When I look at my child, listen to my child with the intent to listen, understand and sympathize, then I am acting as Christ does toward me with kindness, a tender heart and forgiveness. No longer am I grieving the Spirit, but rather I am teaming with the Spirit. The Spirit as the lead and me following. I am also teaming with my child, not working against her or viewing us as working against each other. We are partnering.

unity

With this renewed mind, I am filled with peace. No longer does my child’s behavior or my behavior feel out of control. And since out of control equates to hopeless, no longer does our situation feel hopeless.

No longer do I view our parent/child interactions as being apart from God.

I see His hand in our interactions.

I see Him allowing trials for our benefit.

The heightened emotions, the lacking skills, the quick outbursts, the rapidly shifting moods, the intensity, the exact temperament of my children…all part of God’s purpose and design to refine me.

Whether your children are adopted, as mine are, or they entered your family naturally, the Lord placed them there. His plan was for you to be their parent and them to be your child. You may experience a great mismatch in temperament, personality, style, and habits, but unity comes when we stop grieving the Spirit.

Oh, Lord, forgive me for my bitterness, anger, clamor, evil-speaking. Forgive me for grieving your Spirit. Thank you for your kindness, tender heart, and forgiveness. Lord, continue to soften our hearts to the refinement that comes from the trials you allow. Please bring refinement so we can better love one another, the way you love us. Amen.

color class pic

 

Less Fighty

My girls and I have been on a journey. It’s been a journey to reconnect. To regain the closeness and relationship we had when they were little. To establish  a regular time each day to spend individual time together. Talk Time.

To say that we love it is an understatement.

I try to begin each Talk Time by asking, “What was your favorite part of the day?”

I cannot count the number of times the answer in reply has been, “Right now.”

Me too, Dear One, me too.

I love the slow pace of Talk Time. The lights are low. Just a corner lamp on. Soft music playing in our oldest daughter’s room. Nothing to do. No list. No stuff. Nothing in our hands. Nothing but time to talk.

beach

If you have met my children, you know they love to talk. If you have met me, you know, I do not love to talk. God has such a sense of humor, doesn’t He?

So, in order to meet all of our needs and allow for a reasonable bed time, I set a timer for 10 minutes. It may sound cruel and controlled. Maybe it is. I don’t know. But, it works for us. The first few times we heard the timer beep, I heard each girl groan…”Not yet, the time isn’t over yet, is it?” A twinge of guilt lingered for a moment, until I realized that we were truly on to something. Obviously we needed this time together. The sadness we felt when our Talk Time was over was just the motivation I needed to continue this new routine.

But, just to make sure we were on the same page, I decided to check in with each girl.

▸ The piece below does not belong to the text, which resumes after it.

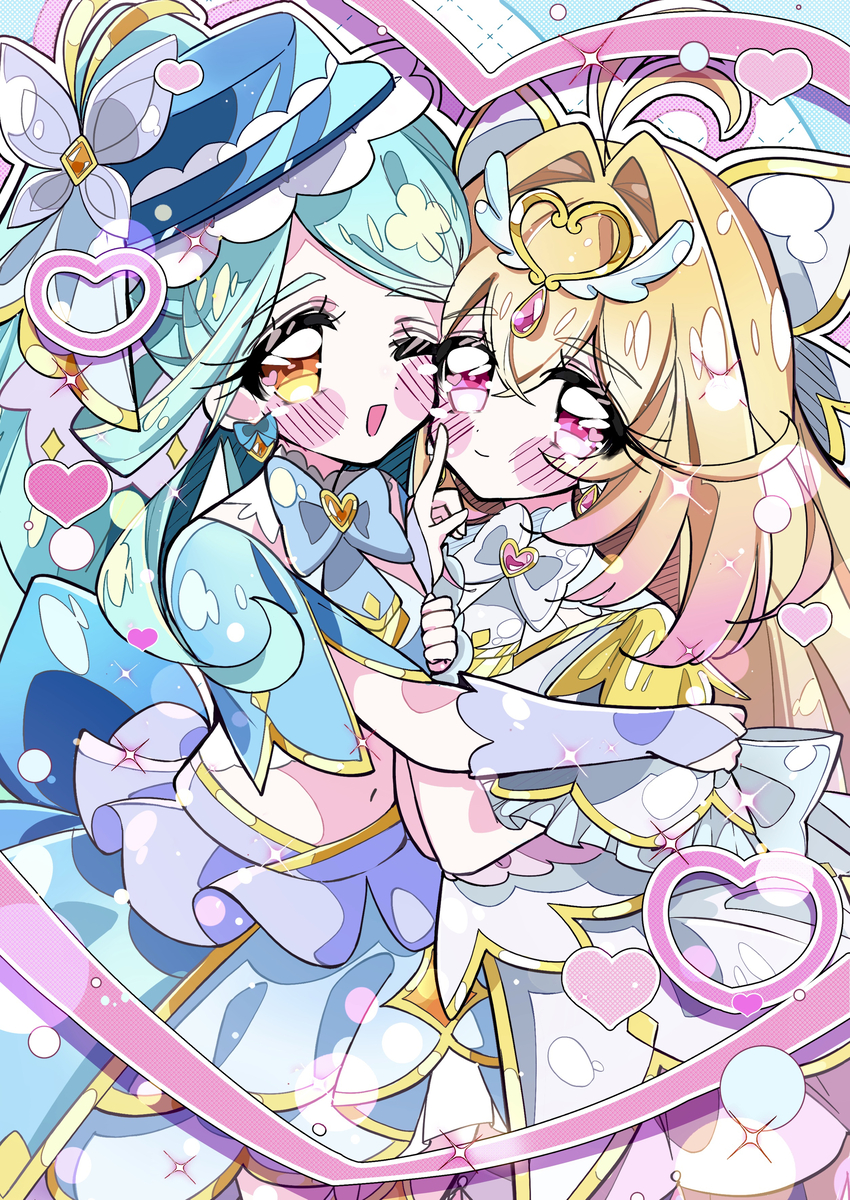 This is a pixiv picture whose title is 仲直りできてよかった…‎🤍🦋💕.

“How are you liking Talk Time?”

Leaning in close, reaching out her arm to place around me, “I love it,” Abby simply replies.

“It’s great,” states Mikayla. She continues, “It’s weird. It makes me feel less fighty the next day,” giggling as she finishes her observation.

Less fighty. Yes, less fighty. Me, too. When I am sitting close, enjoying the ones I love. Just looking at them in the eye. Listening to their thoughts. I feel less fighty. And, yes, even the next day, the less fighty feeling continues.

When I walk in obedience with the Lord, I am less “fighty”.

peaceful-night

John 14:27: Peace I leave with you; my peace I give you. I do not give to you as the world gives. Do not let your hearts be troubled and do not be afraid.